» ABOUT THIS TASK:
Restate word for word the material below, starting at the line that contains "So XAMPP basically" and stopping after the last line; skip pictures.

» THE DATA:
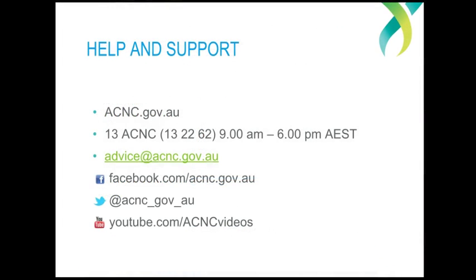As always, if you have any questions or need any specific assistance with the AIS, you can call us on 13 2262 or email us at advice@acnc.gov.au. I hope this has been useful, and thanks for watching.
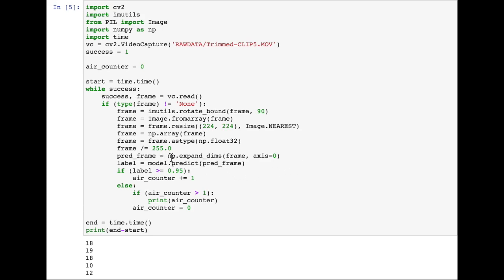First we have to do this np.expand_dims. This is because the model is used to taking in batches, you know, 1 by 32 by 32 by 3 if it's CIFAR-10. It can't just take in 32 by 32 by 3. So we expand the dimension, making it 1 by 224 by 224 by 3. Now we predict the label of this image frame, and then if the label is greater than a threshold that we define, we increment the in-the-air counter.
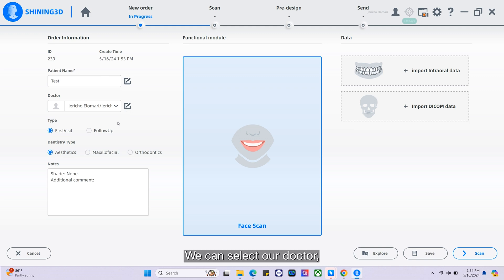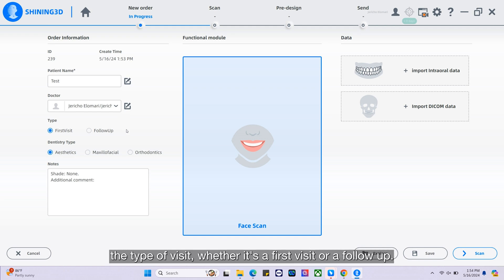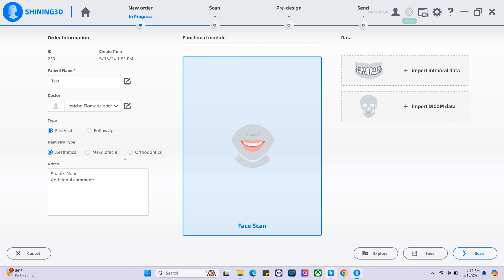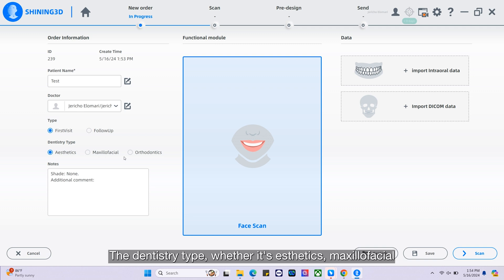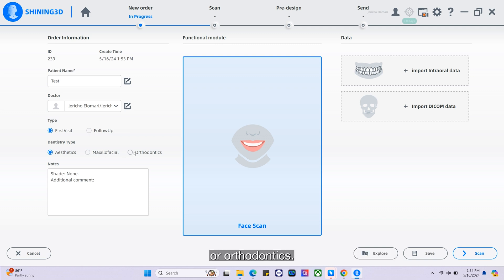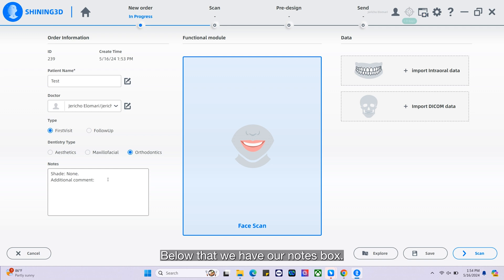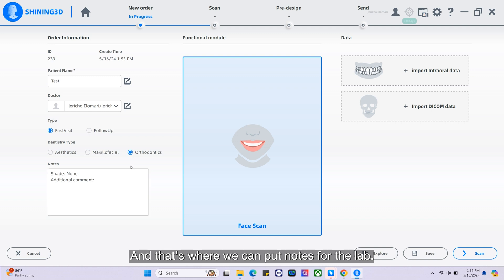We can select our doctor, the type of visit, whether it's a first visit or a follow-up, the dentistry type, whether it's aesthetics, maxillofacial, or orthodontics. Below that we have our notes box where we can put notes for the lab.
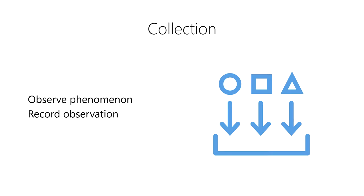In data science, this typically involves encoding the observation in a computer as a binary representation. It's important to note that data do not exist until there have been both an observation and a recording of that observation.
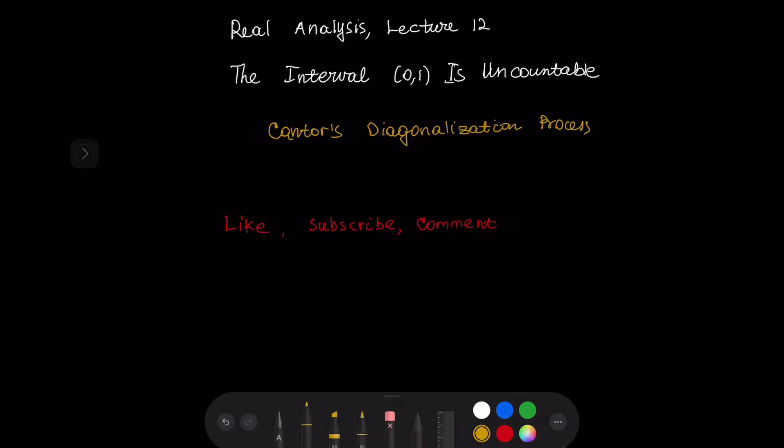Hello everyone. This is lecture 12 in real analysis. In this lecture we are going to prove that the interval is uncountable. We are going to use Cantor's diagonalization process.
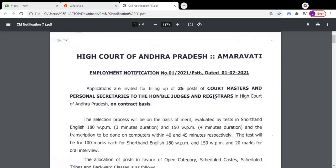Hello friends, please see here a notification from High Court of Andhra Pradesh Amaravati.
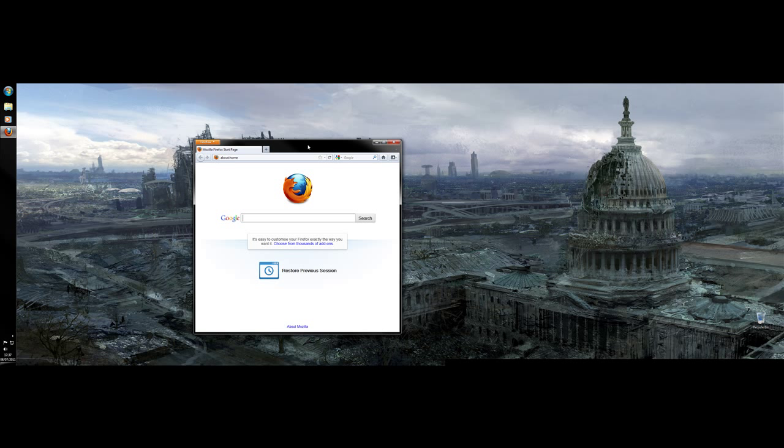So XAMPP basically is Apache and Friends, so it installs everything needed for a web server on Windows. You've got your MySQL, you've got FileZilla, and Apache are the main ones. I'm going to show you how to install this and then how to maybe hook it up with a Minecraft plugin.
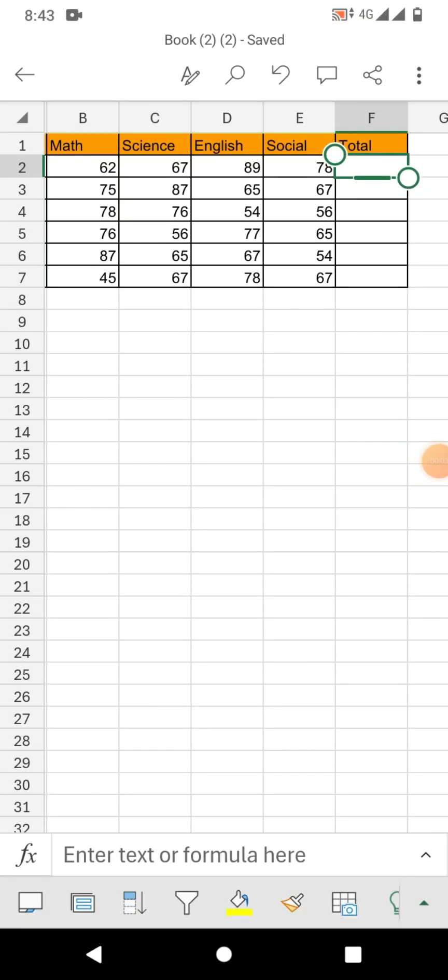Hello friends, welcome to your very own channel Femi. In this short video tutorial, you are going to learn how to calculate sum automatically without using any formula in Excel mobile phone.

» SOLUTION FOR THIS PROBLEM:
So XAMPP basically is Apache and Friends, so it installs everything needed for a web server on Windows. You've got your MySQL, you've got FileZilla, and Apache are the main ones. I'm going to show you how to install this and then how to maybe hook it up with a Minecraft plugin.
Hello friends, welcome to your very own channel Femi. In this short video tutorial, you are going to learn how to calculate sum automatically without using any formula in Excel mobile phone.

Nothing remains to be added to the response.